▶ _Material for this exercise_
----

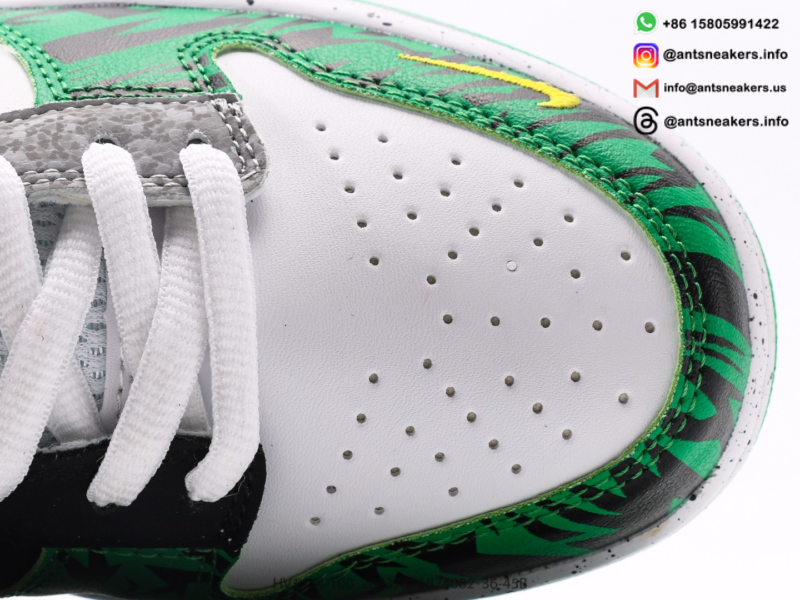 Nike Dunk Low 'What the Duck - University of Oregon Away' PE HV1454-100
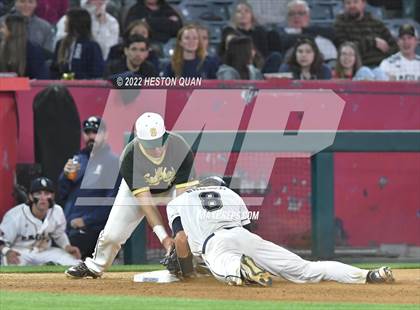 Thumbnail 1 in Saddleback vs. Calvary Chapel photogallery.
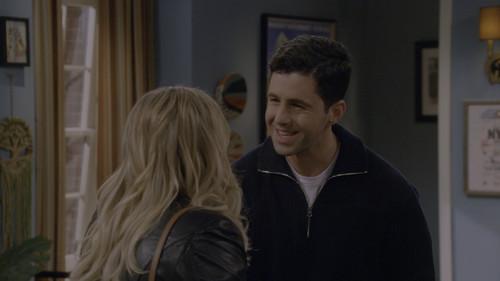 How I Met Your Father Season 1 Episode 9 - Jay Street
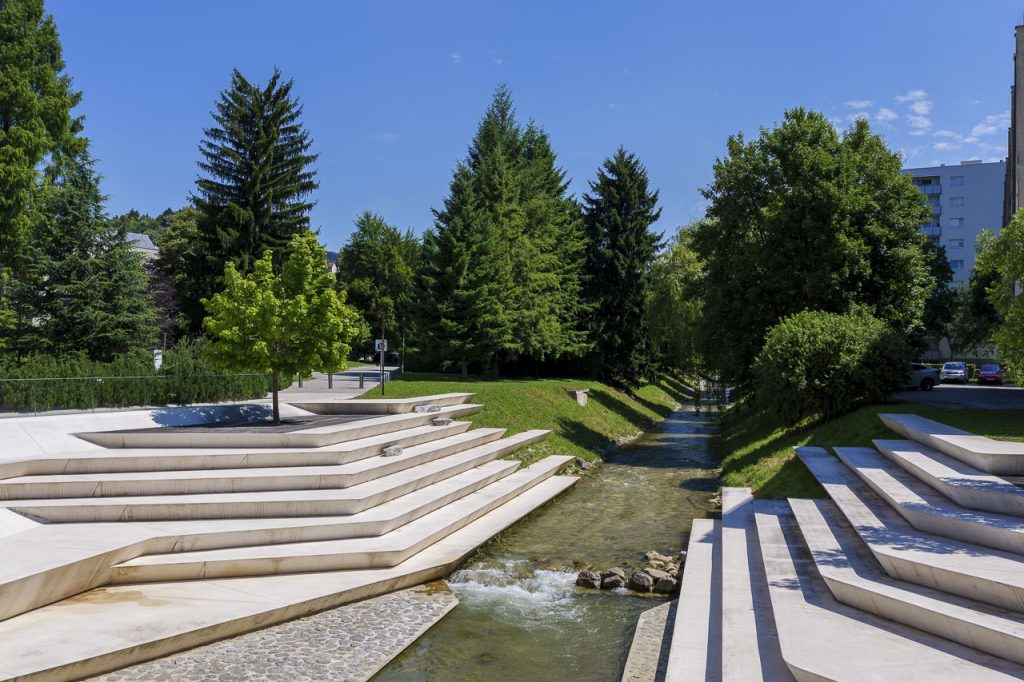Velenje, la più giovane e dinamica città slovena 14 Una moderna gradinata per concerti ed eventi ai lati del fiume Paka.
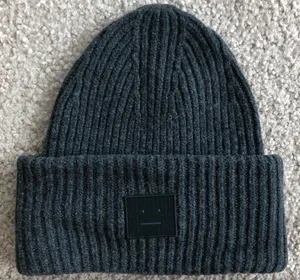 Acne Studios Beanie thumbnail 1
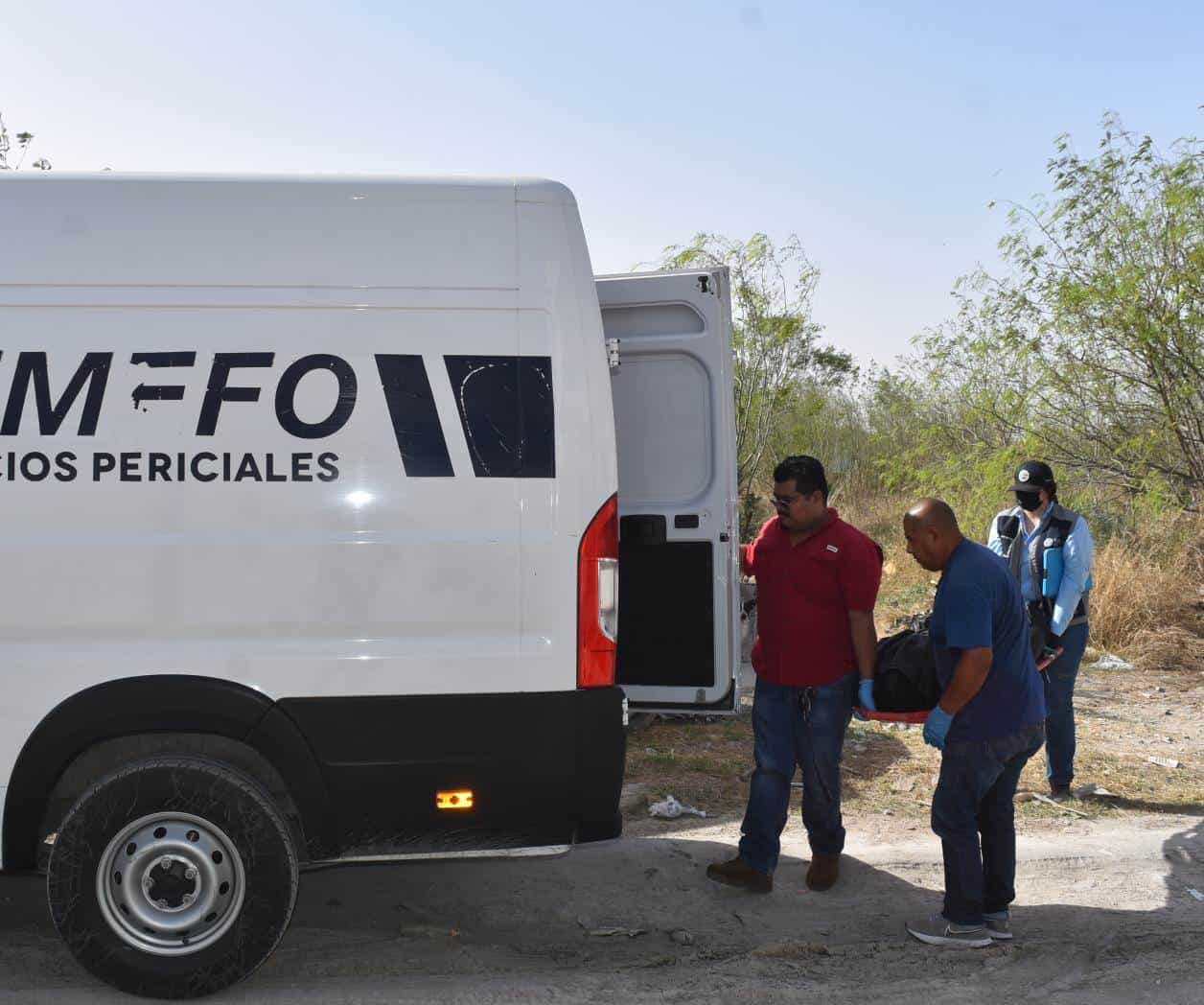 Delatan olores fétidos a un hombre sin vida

----

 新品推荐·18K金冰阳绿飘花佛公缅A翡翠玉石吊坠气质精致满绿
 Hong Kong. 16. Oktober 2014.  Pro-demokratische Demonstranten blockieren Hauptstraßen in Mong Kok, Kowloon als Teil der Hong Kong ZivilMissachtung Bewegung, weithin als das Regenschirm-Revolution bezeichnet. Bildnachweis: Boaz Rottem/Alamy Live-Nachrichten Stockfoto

----

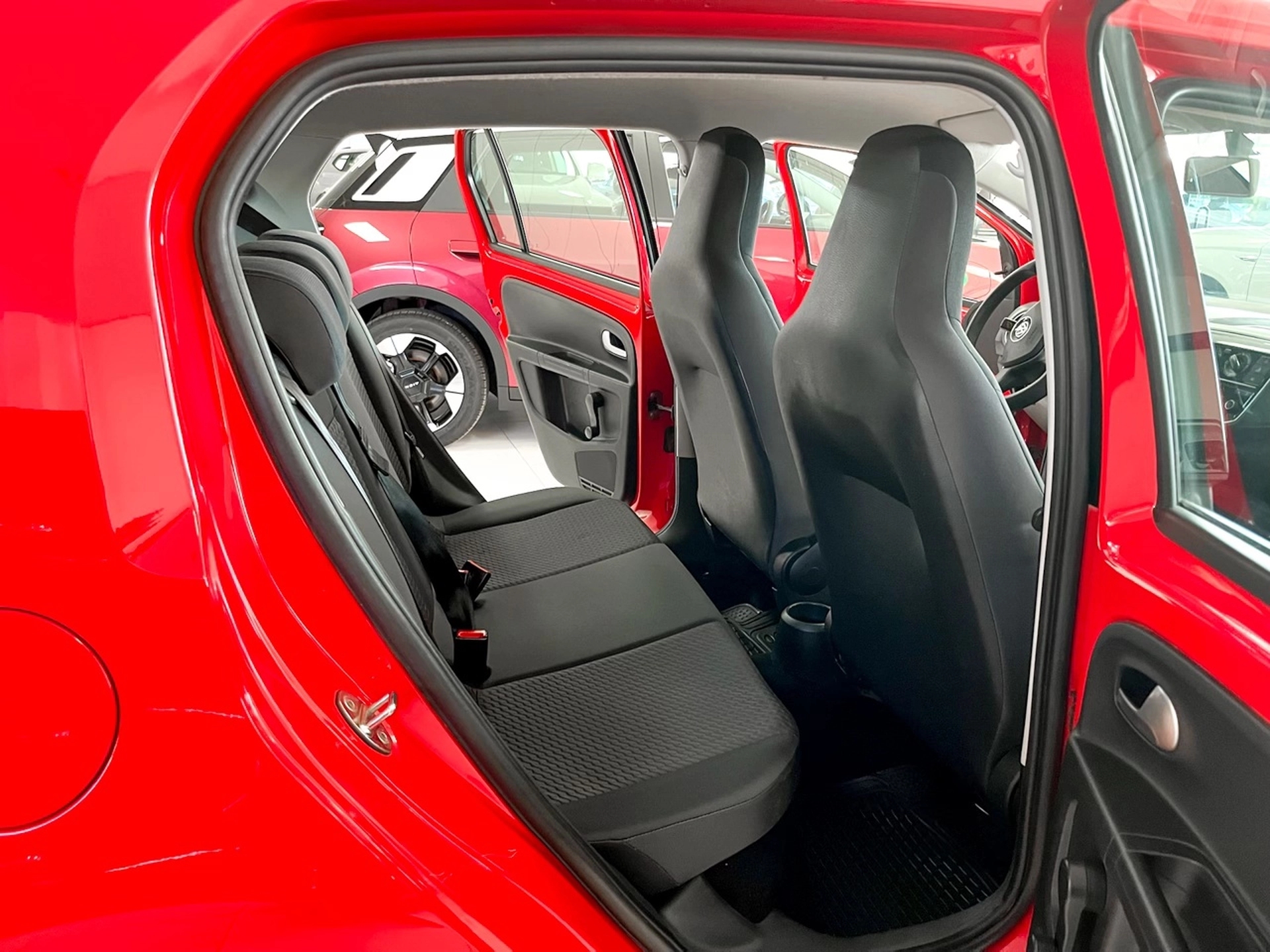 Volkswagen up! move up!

----

▶ _The problem_
Output exactly the lines above, from the line with "Thumbnail 1 in" to the line with "Delatan olores fétidos a un hombre sin vida", both included; skip the pictures.

▶ _Written answer_
 Thumbnail 1 in Saddleback vs. Calvary Chapel photogallery.
 How I Met Your Father Season 1 Episode 9 - Jay Street
Velenje, la più giovane e dinamica città slovena 14 Una moderna gradinata per concerti ed eventi ai lati del fiume Paka.
 Acne Studios Beanie thumbnail 1
 Delatan olores fétidos a un hombre sin vida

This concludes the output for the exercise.